Ask Sri Lanka’s quality batsman-wicketkeeper Kumara Sangakkara and he would tell you how the ’keepers need to concentrate on every delivery that Muralitharan bowls. “He is the ultimate test for a ’keeper. Every ball is different and there is enormous spin on the ball. He varies the pace and trajectory, turns the ball both ways. It’s hard to pick him,” says Sangakkara.

A shrewd coach in Kandy prevailed upon Muralitharan to make the switch from pace to spin and then that grandmaster, Arjuna Ranatunga, backed him through thick and thin. The Lankan blossomed.

The man from Kandy remembers his roots. Says Arnold, “Despite his achievements, he remains such a simple person. He silently helps those in need.”

In a country torn apart by the ethnic strife, Muralitharan acts as a unifying force. The man cuts across all barriers so easily.

One cannot forget Muralitharan’s great sprint during Sri Lanka’s practice session on a cloudy morning in Kandy. Whatmore said, “This man is deceptively fast.”

In several senses, Muralitharan’s career has been a long-distance sprint, of miles and milestones. His is a spirit that gleams.


1991: Goes on the tour of England with the Sri Lanka ‘A’ team.

1992: Makes his Test debut, against Australia in Colombo.

1995: Umpire Darrell Hair calls him for ‘chucking’ in the Melbourne Test against Australia.

1996: He is called again for ‘chucking’, this time by Ross Emerson, in a one-day international against West Indies in Brisbane.

Later, his action comes up for investigation and after conducting scientific tests on his bowling, the ICC clears him.

1997: Claims his 100th Test wicket — Stephen Fleming of New Zealand — in the second Test in Hamilton, New Zealand.

1998: Takes his first ten-wicket haul — 12 for 117 — against Zimbabwe in the first Test in Kandy in January.

Takes 9 for 65 in the second innings of the one-off Test against England at The Oval in August, which enables Sri Lanka post its first Test victory in England. Muralitharan’s figures for the match, 16 for 220, are the best by a Sri Lankan.

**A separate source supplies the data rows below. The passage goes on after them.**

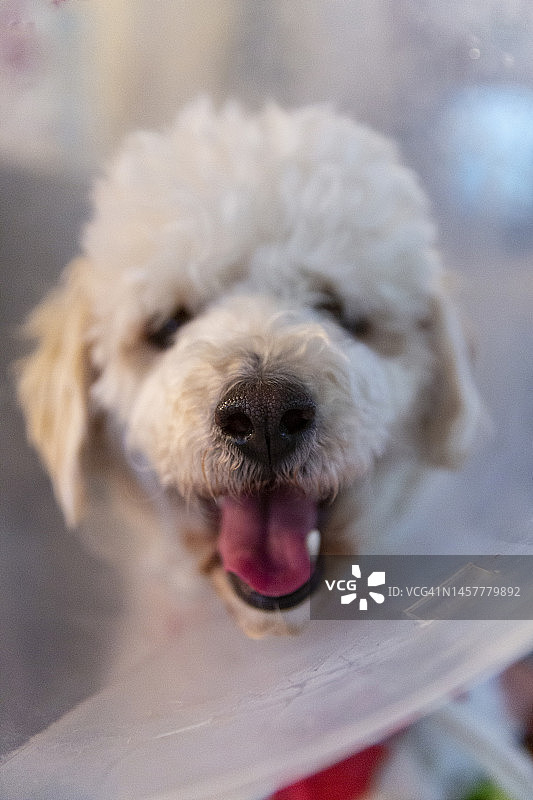 头上戴着颈圈的马尔济斯贵宾犬混血图片素材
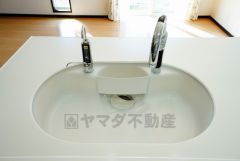 お手入れのしやすいシンク。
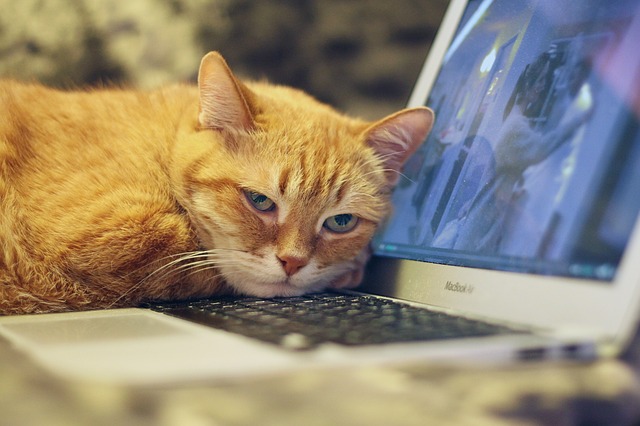 picture of cat with head on a laptop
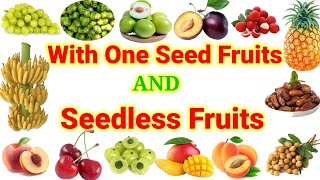 Learn fruit name with one seed and seedless fruits vocabulary [upl. by Nairrod187]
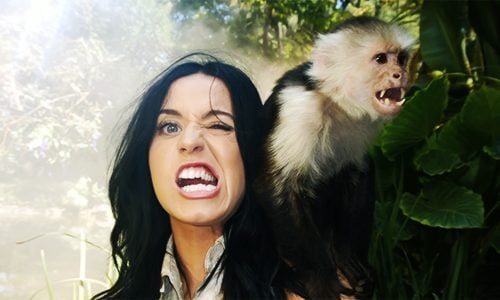 ภาพล่าสุดของสาว Katy Perry จากกองถ่าย MV เพลง Roar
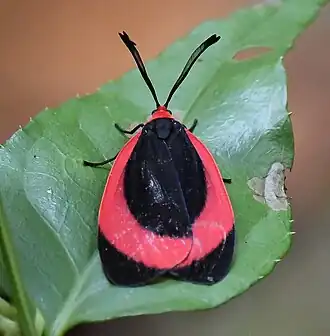 Rhodopsona rubiginosa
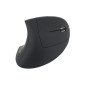 Mouse raton ergonomico equip optico - wireless inalambrico - 1600dpi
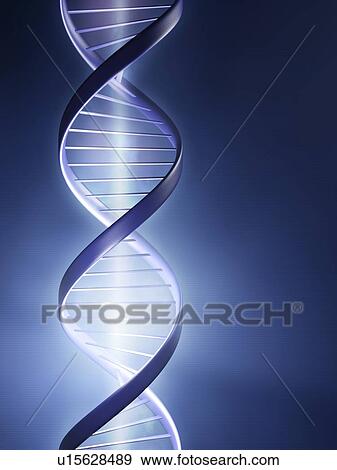 Stock Photo - DNA strand, illustration.. Fotosearch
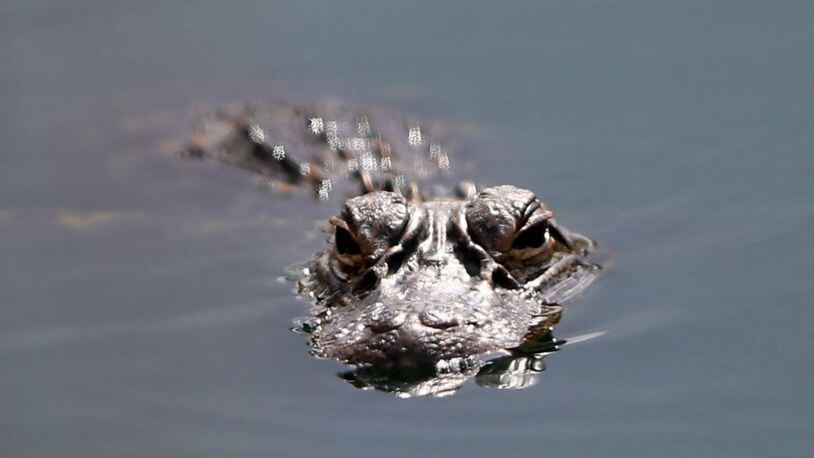 FILE PHOTO: Residents in a Texas neighborhood are looking for answers after finding a large alligator with a knife sticking out of its head. (Photo: Sam Greenwood/Getty Images)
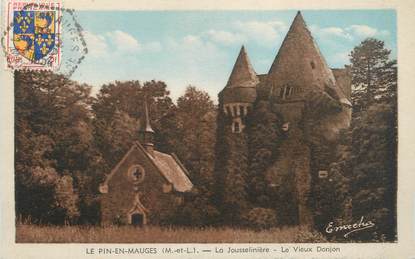 CPA FRANCE 49 "Le Pin en Mauges, La Jousselinière, Vieux Donjon"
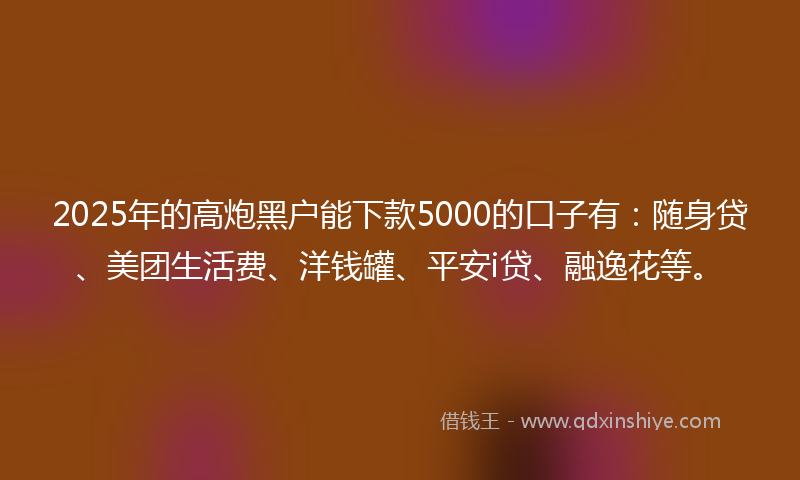 2025年的高炮黑户能下款5000的口子有：随身贷、美团生活费、洋钱罐、平安i贷、融逸花等。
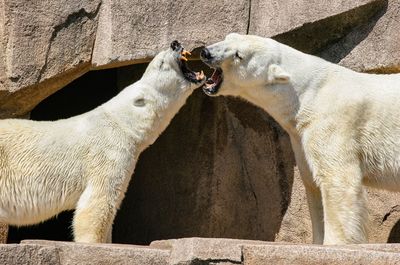 Polar bear fight at brookfield zoo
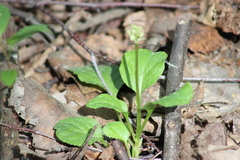 Pyrola minor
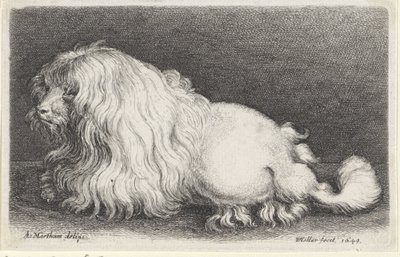 Chien blanc - Wenceslaus Hollar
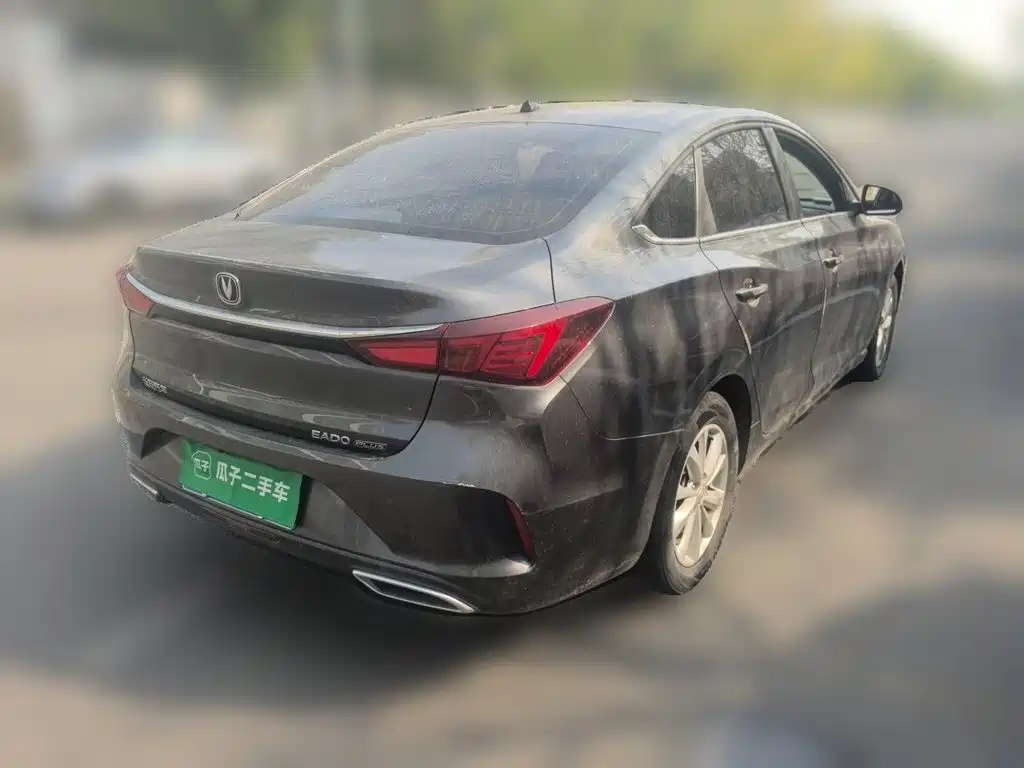 Фото 6 - Changan Eado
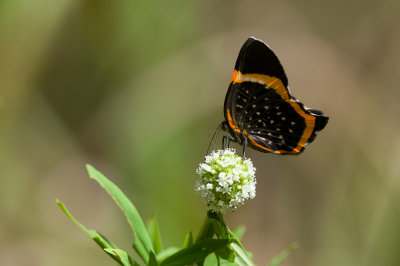 Butterfly  1543.jpg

1999: Is no-balled for ‘chucking’ once again by Ross Emerson in a one-day international against England in Adelaide, which forces the Sri Lankan skipper Ranatunga to storm off the field with his players for a brief while.

2000: Playing in his 58th Test in Durban, Muralitharan claims his 300th wicket — Shaun Pollock of South Africa.

2002: Playing in his 72nd Test in Galle, Muralitharan becomes the fastest to take 400 wickets. His victim is Henry Olonga of Zimbabwe.

2004: His ‘doosra’ comes under scrutiny during the Colombo Test against Australia in March. Chris Broad, the match referee, reports to the ICC that Murali’s action is suspect.

In April, the Sri Lankan undergoes tests at the University of Western Australia in Perth. The ICC outlaws his ‘doosra’, confirming that they are not about to increase the permitted five-degree tolerance level for spin bowlers to accommodate Murali. They later extended the limit to 15 degrees.

In Harare in May, Muralitharn eclipses West Indian Courtney Walsh’s record of 519 wickets to become the highest wicket-taker in Tests. His 520th victim is Zimbabwe’s Mluleki Nkala.

2006: Playing in his 101st Test, Muralitharan claims his 600th wicket — Khaled Mashud of Bangladesh in Bogra in March.

2007: In the Kandy Test against Bangladesh in July — his 113th Test — Muralitharan scalps Syed Rasel as his 700th Test victim.

On December 3, in the Kandy Test against England, Muralitharan bowls Paul Collingwood to get past Shane Warne as Test cricket’s leading all-time wicket-taker.